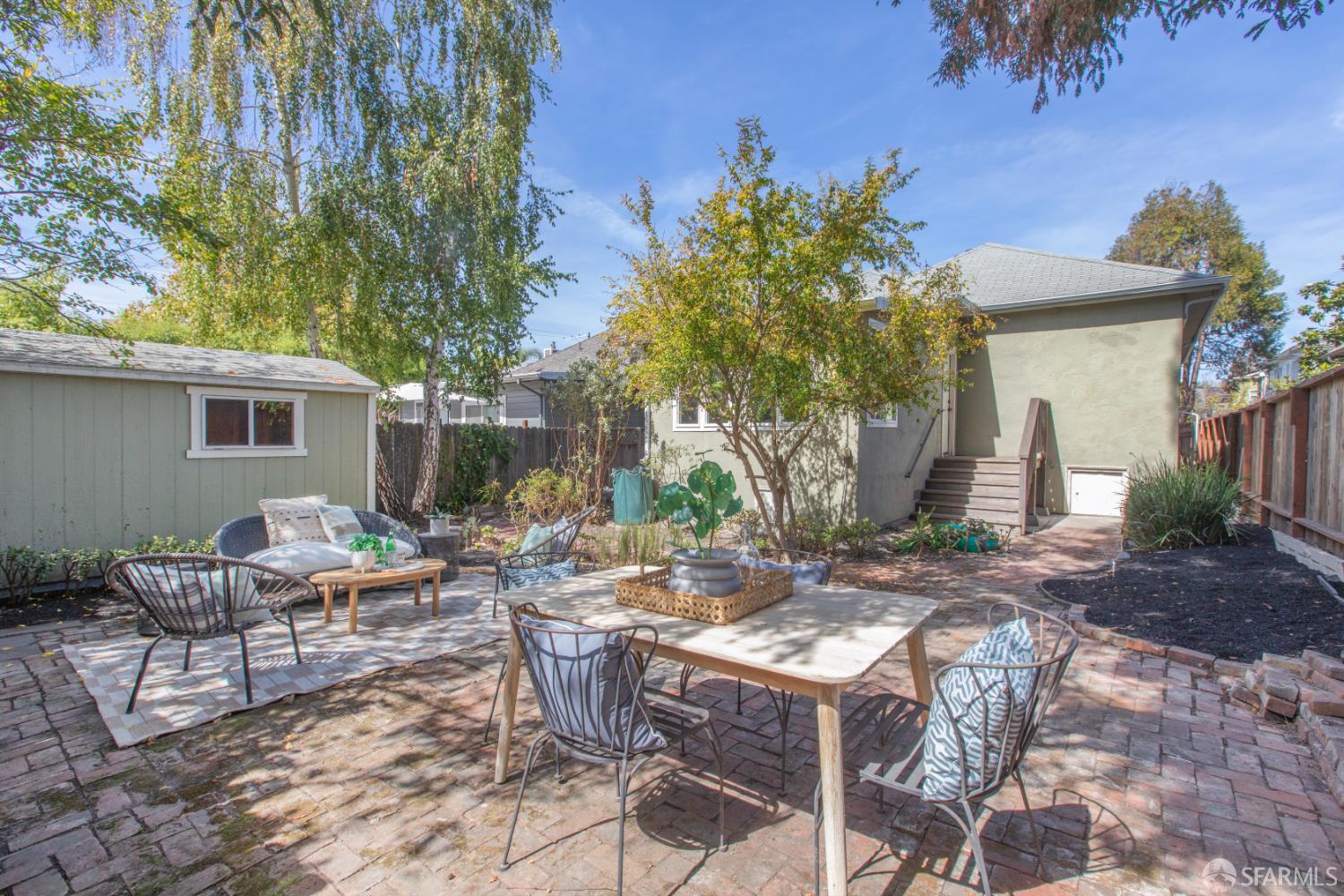 587 63rd St, Oakland — 36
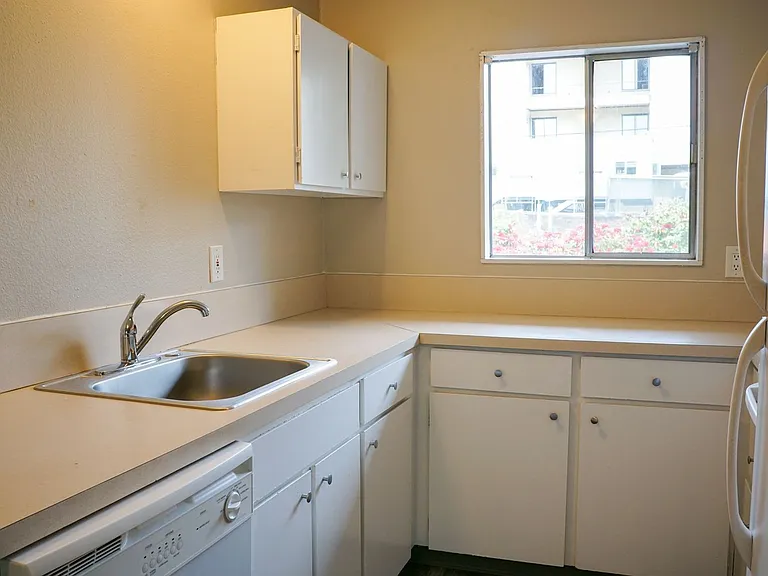 3115 SW 12th Ave #309 — Photo 5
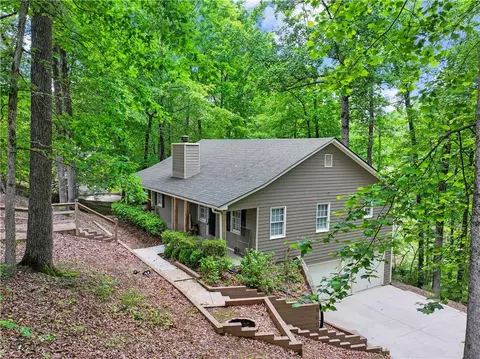307 Robertson Rd, Dawsonville, GA 30534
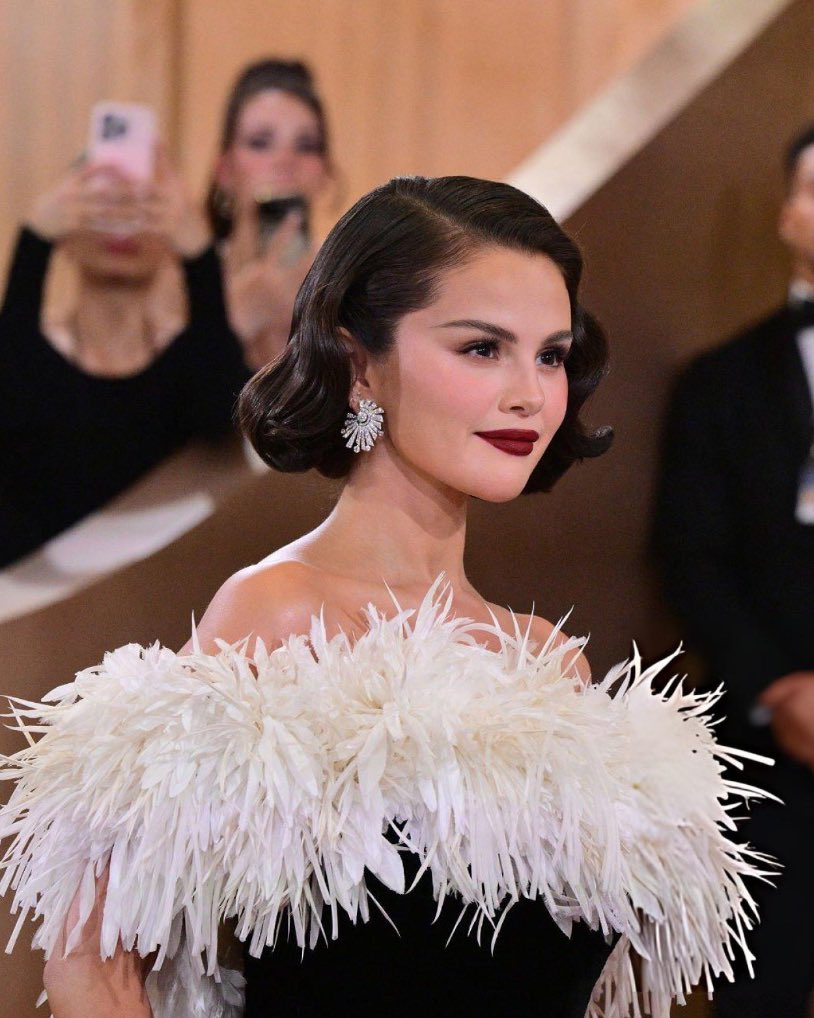 selenagomezbr's tweet image. FACE CARD never declines.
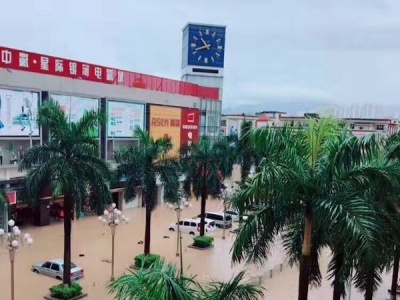 深圳发布暴雨红色分区预警 暴雨“突袭”坪山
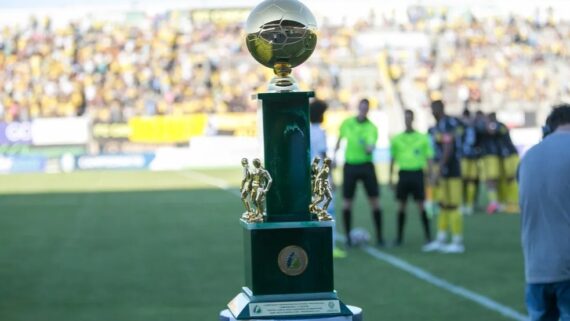 Troféu do Campeonato Paranaense (foto: Ricardo Chicarelli/LEC)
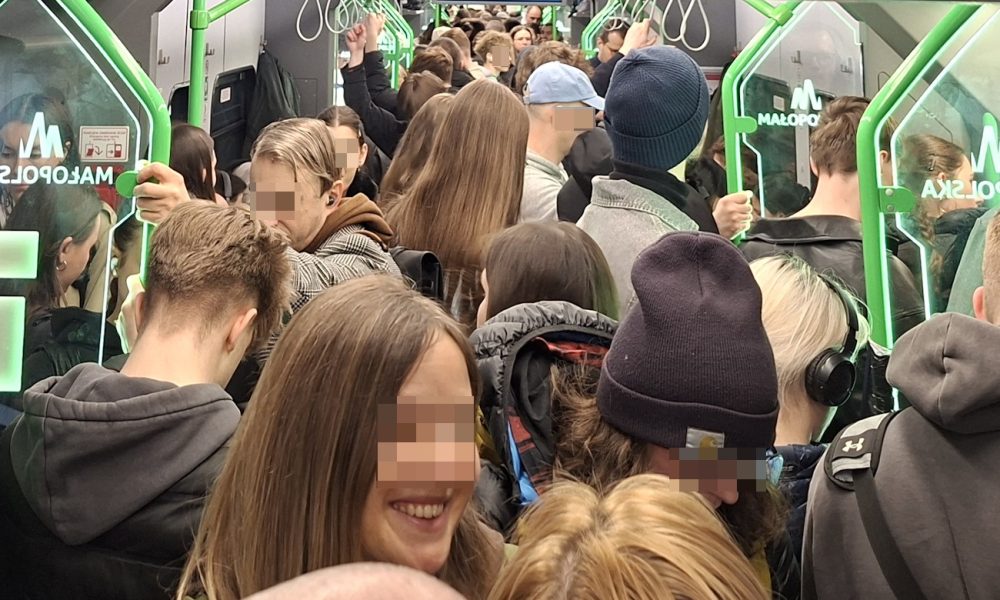 Pociąg do codziennych zbliżeń, czyli jak kolej łączy pasażerów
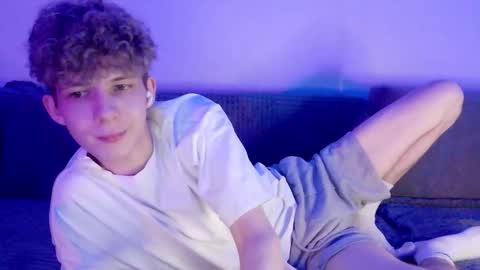 TwiShadow online show from March 10, 2026, 8:58 pm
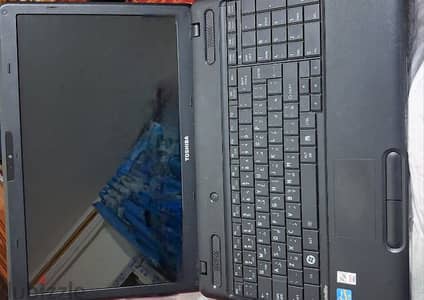 إلحق الفرصة بجد لابتوب توشيبا C660 ياباني أصلي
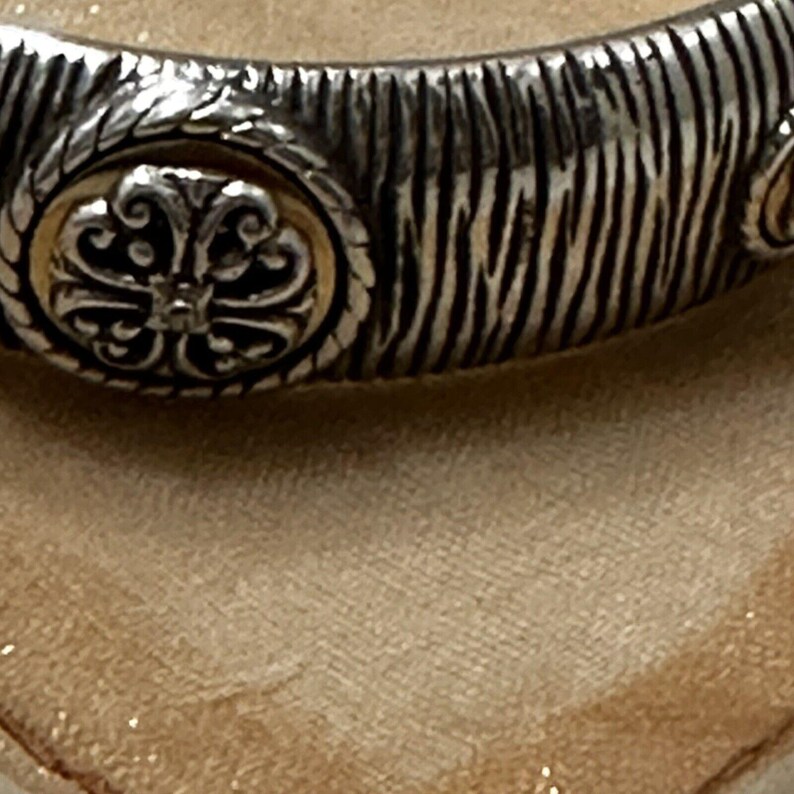 Pulsera vintage BRIGHTON con detalles dorados sobre metal plateado imagen 4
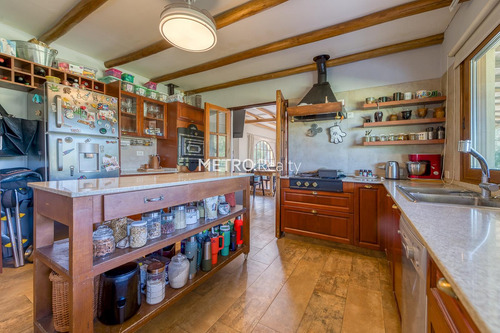 Casa En Venta Sobre Lote De 1 Hectarea En Loma Escondida, Open Door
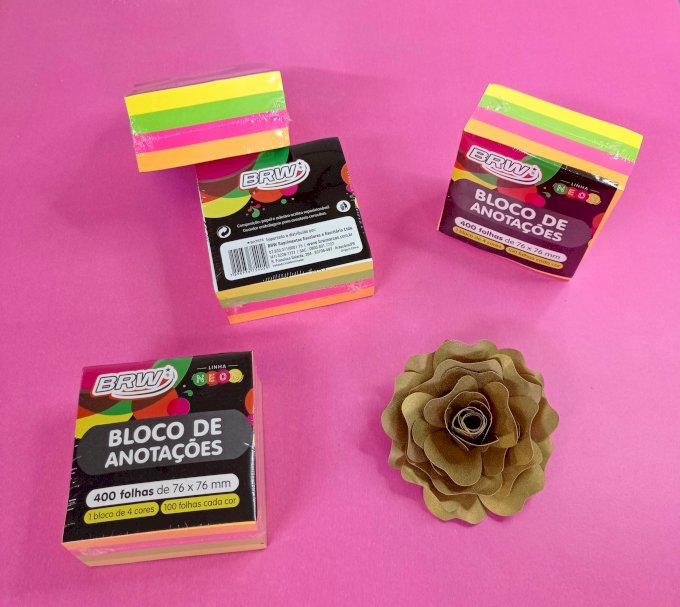 Bloco de Anotações Neon
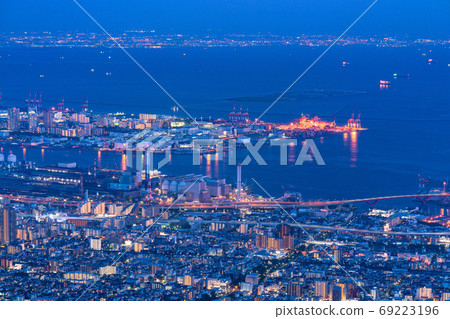 《兵庫縣》日本三大夜景之一的九州台夜景《日落》 69223196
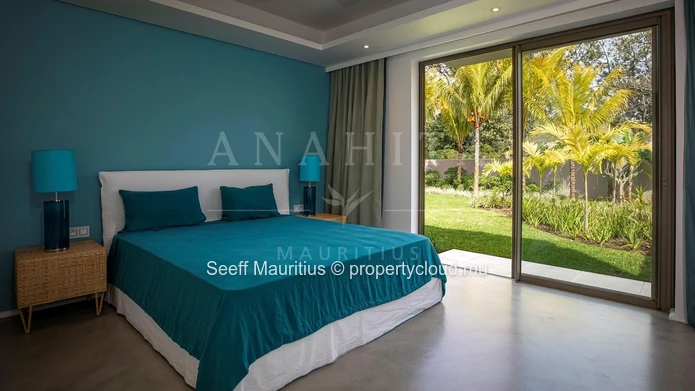 A Contemporary Fairways Sanctuary Overlooking the Greens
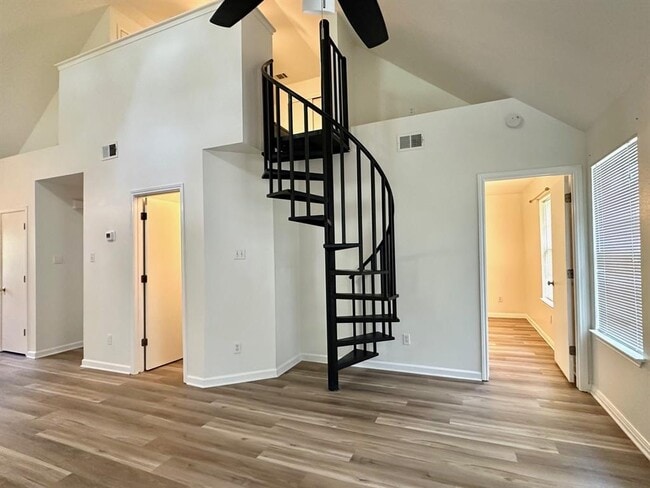 property at 2908 Whisper Oaks Ln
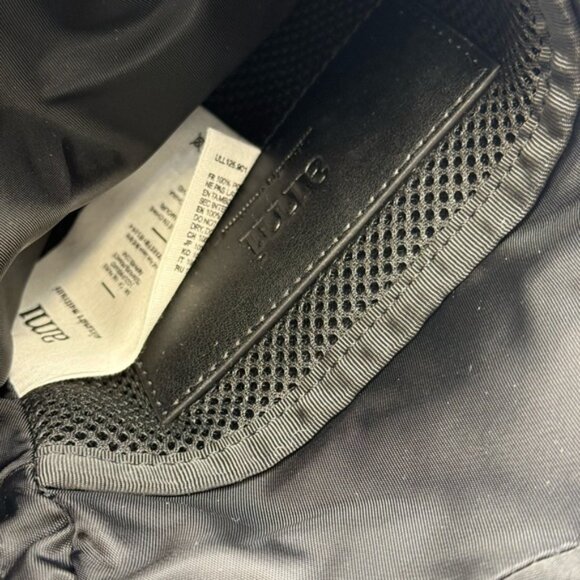 🆕 AMI PARIS 🧿 NWOT Black Ami de Coeur Crossbody Pocket Pouch - Picture 11 of 16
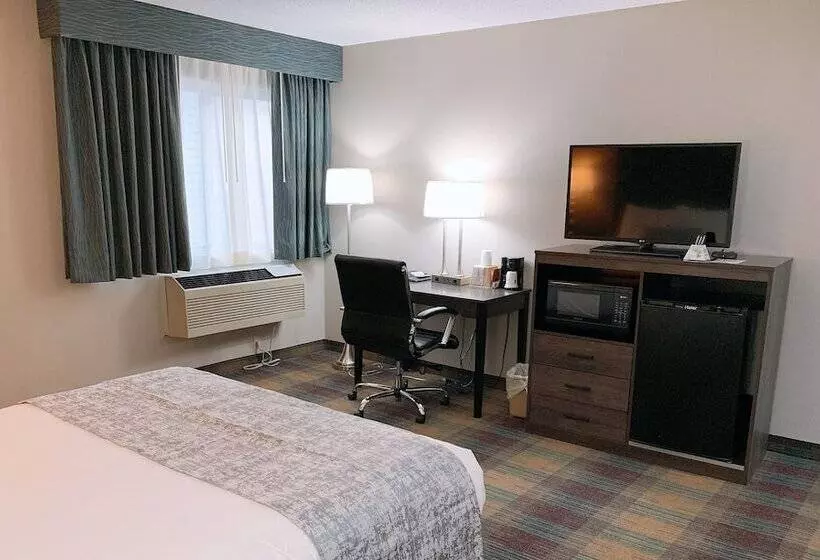 فندق Baymont Inn Baldwin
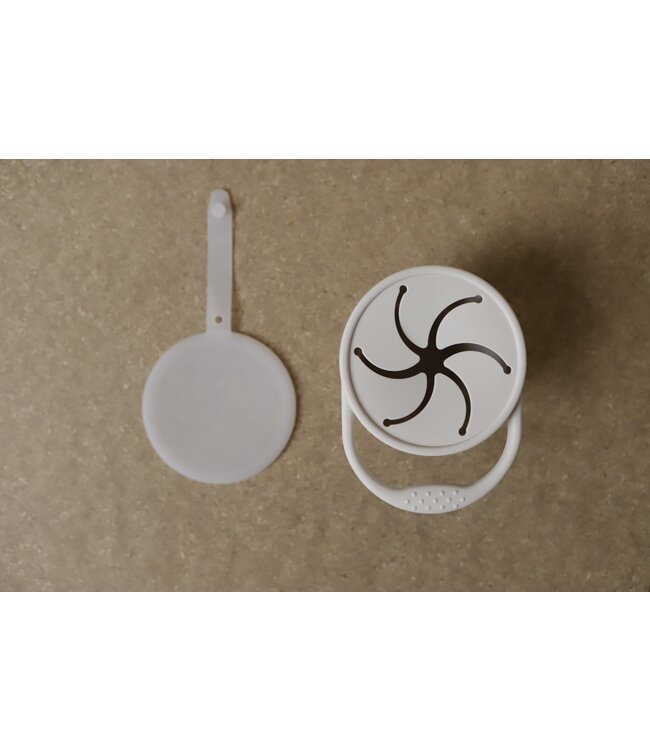 Snacking Cups With Clip On Lid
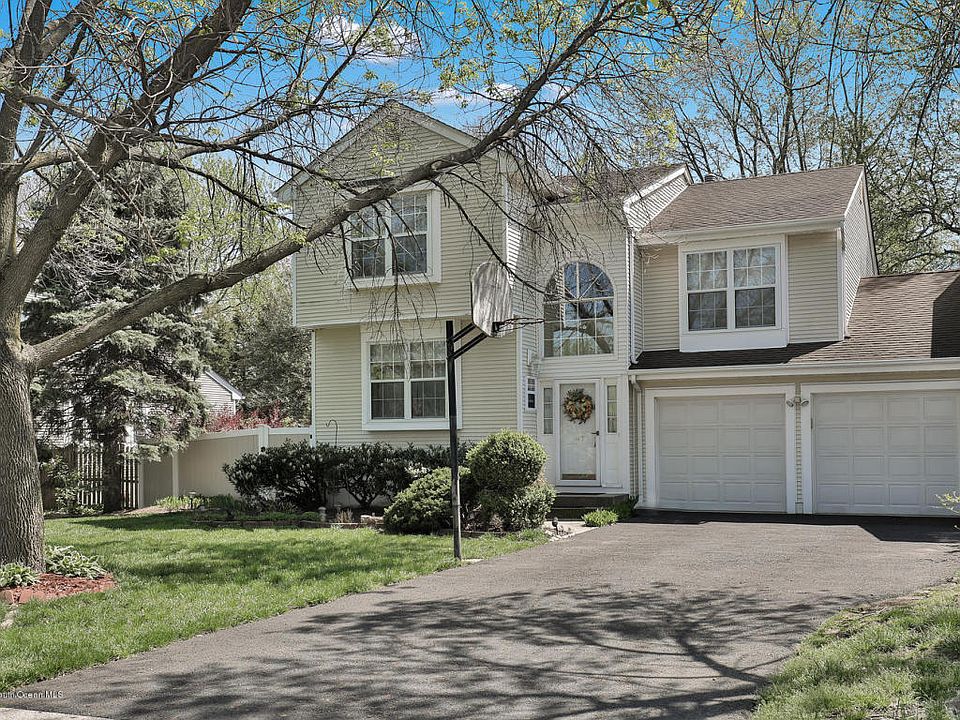 1st image of 67 Bonnie Dr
▬▬▬▬▬▬▬▬▬▬
The line that contains "Snacking Cups With Clip On Lid" opens the part to copy, and the last line of the records closes it; set down those lines exactly, pictures excluded.

 Snacking Cups With Clip On Lid
 1st image of 67 Bonnie Dr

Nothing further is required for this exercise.